L'université, sans fleurs ni couronnes, Le Figaro, 4 ami 2005
L'éditorial d'Yves Thréard.
Bien malin celui qui comprend aujourd'hui les motifs précis du désordre régnant dans certaines universités. Dans une vingtaine de facs, la tenue des examens est menacée, voire reportée à la rentrée de septembre. Le parent pauvre de l'enseignement supérieur français continue de creuser sa tombe par la faute de quelques enragés. Il y a pourtant urgence à le guérir, sans quoi il finira par disparaître sans fleurs ni couronnes.

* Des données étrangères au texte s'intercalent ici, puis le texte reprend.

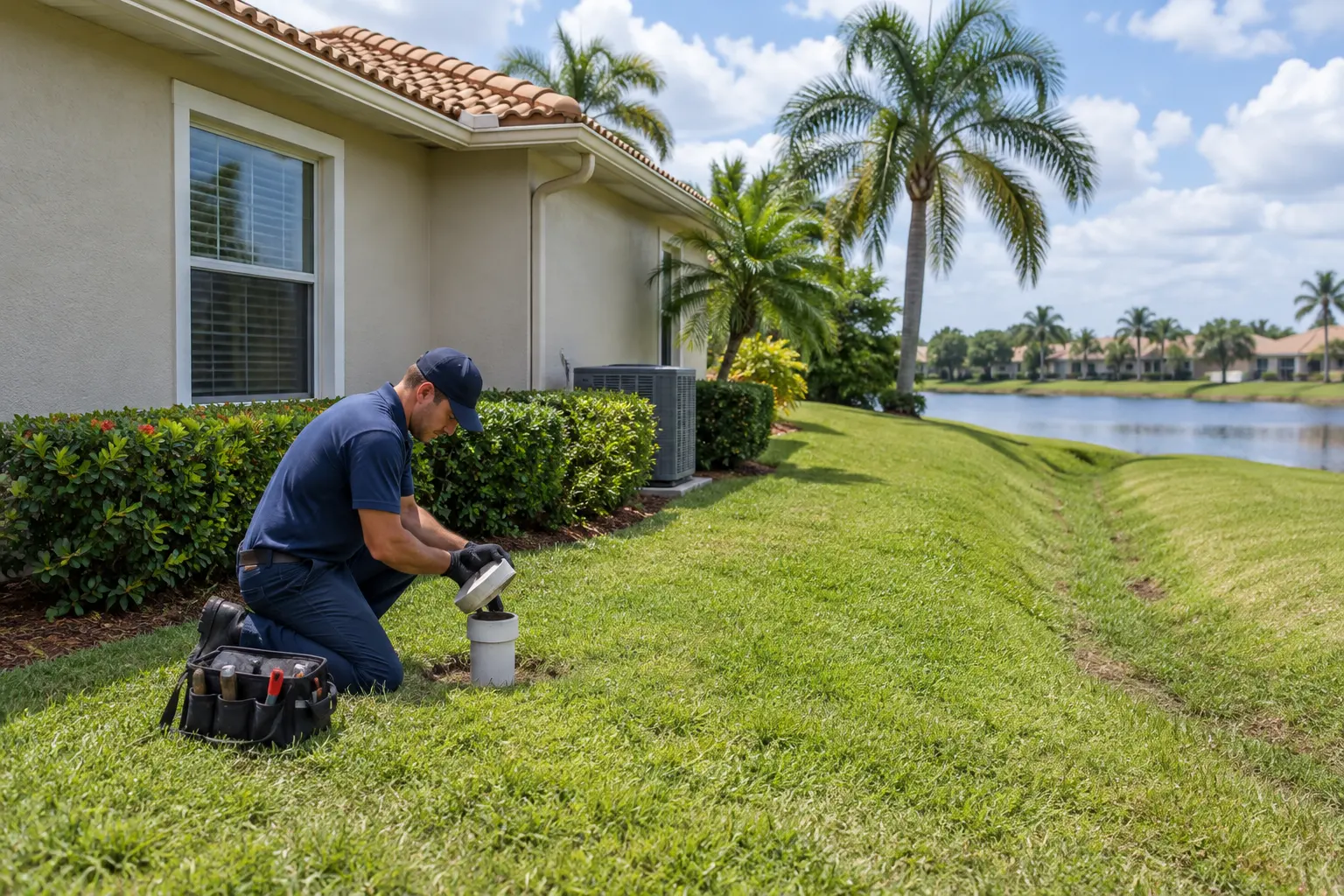 Plumber kneeling at an outdoor sewer cleanout on a grassy slope beside a home near a lake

Faut-il rappeler que, dans tous les classements internationaux, la France fait bien pâle figure face à l'Asie et aux pays anglo-saxons ? Trop longtemps, l'université a été négligée : un étudiant coûte en moyenne 7 000 euros par an, contre plus de 10 000 euros pour un lycéen. C'est tout le système qu'il convient de corriger, à l'heure où un jeune sur deux seulement parvient à passer en deuxième année, et où des filières sans débouché continuent à accueillir des milliers de personnes, chômeurs en devenir. La présence de grandes écoles, réputées pour leur excellence, n'explique pas tout. La timidité ou l'incohérence des politiques menées sont à mettre en cause. Tout comme l'agitation perpétuelle entretenue par les syndicats d'enseignants et d'étudiants qui ont transformé certains établissements en bastions de la contestation gauchiste : c'est tellement vrai qu'à force de le répéter, le constat pourrait paraître caricatural.

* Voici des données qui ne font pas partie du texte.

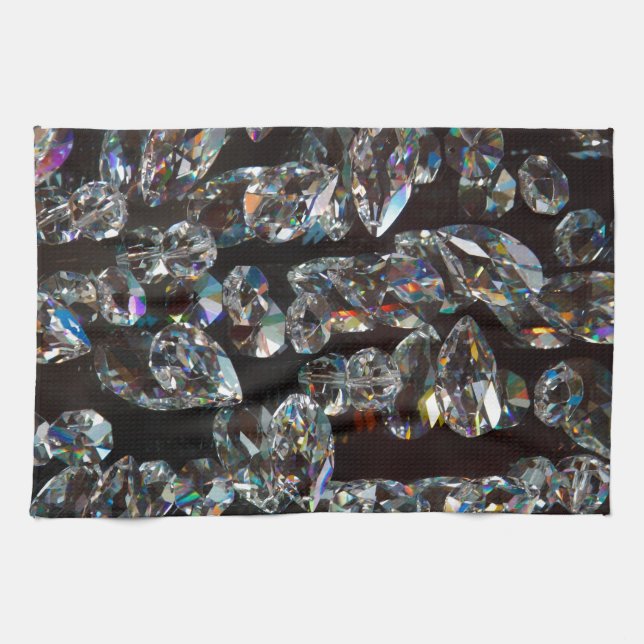 Chic Black Diamond Chrystal Abstract Pattern Gifts Tea Towel (Horizontal)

Le gouvernement a donc eu raison de s'attaquer à cet immense chantier dès son arrivée aux affaires. La loi sur l'autonomie des universités (dite LRU), acceptée par tous, fut votée à l'été 2007. Elle prévoit notamment un renforcement des pouvoirs du président pour adapter sa fac à son environnement social et professionnel et un droit d'entrée des entreprises. Cinq milliards sur cinq ans ont été mis sur la table. Effort important. Vinrent ensuite le décret sur le statut et l'évaluation des enseignants-chercheurs et le projet de réforme de concours des professeurs. Le premier a été amendé dans le sens voulu par ses opposants, le second est encore en cours de négociation. Sans entrer dans les détails, l'idée générale est d'aller vers plus d'efficacité.
Et pourtant, la pagaille persiste ici ou là. À tel point que la loi LRU est, elle aussi, remise en question. On ne saurait trop placer tout le monde devant ses responsabilités. Les présidents d'université, d'abord en majorité favorables aux évolutions, mais qui ont, à l'image d'Axel Kahn, souvent changé de pied. Les étudiants, toujours prompts à la contestation, mais qui redoutent maintenant, avec leurs parents, une année blanche. Les enseignants- chercheurs, dont certains ont jeté leurs élèves dans la rue afin de protéger leurs propres avantages. Leurs jours de grève seront-ils payés ? Dans ce bras de fer, l'approche du gouvernement est restée pragmatique. Si idéologie il y a, elle est bien du côté des empêcheurs de tourner en rond de l'université. Le systématisme de leur opposition est mortifère.